* [PROVIDED MATERIAL]
———

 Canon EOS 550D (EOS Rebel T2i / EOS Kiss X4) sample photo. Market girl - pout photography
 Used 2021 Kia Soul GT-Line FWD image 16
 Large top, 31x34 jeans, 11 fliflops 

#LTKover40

———

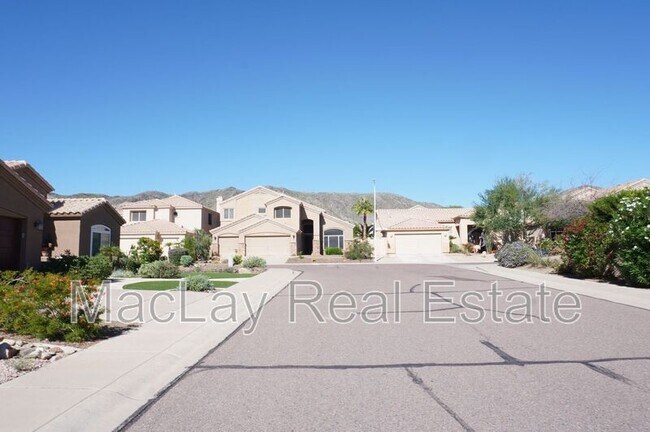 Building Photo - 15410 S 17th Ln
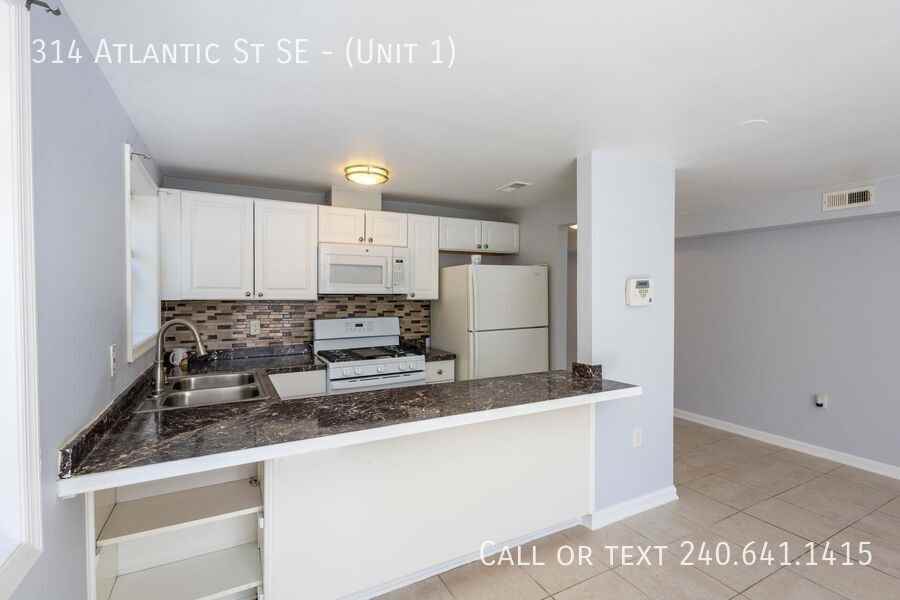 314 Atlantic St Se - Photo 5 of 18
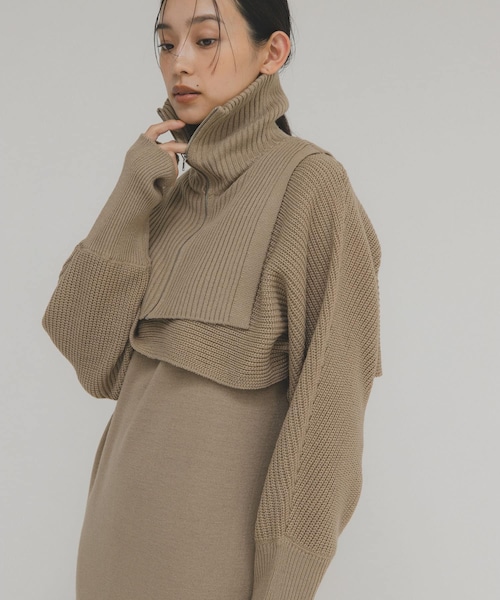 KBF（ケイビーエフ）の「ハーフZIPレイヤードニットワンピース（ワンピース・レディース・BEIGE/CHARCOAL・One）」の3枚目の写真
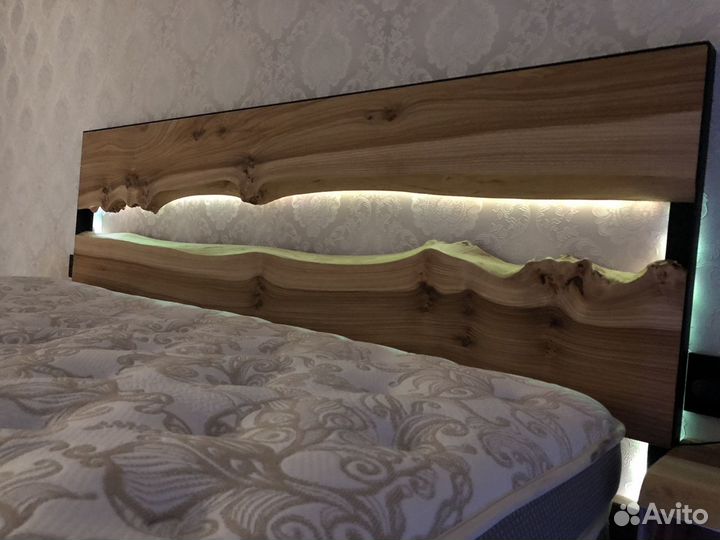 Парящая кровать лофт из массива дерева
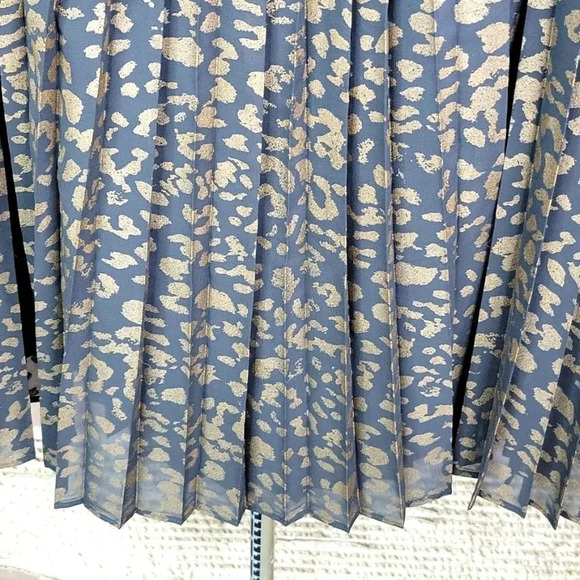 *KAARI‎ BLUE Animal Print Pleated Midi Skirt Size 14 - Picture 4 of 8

———

* [WHAT IS NEEDED] In the data above, find the line with "Парящая кровать лофт из массива дерева" and the line with "Picture 4 of 8". Please copy exactly those two lines and every line between them, but not the pictures.

* [EXPECTED OUTPUT]
 Парящая кровать лофт из массива дерева
 *KAARI‎ BLUE Animal Print Pleated Midi Skirt Size 14 - Picture 4 of 8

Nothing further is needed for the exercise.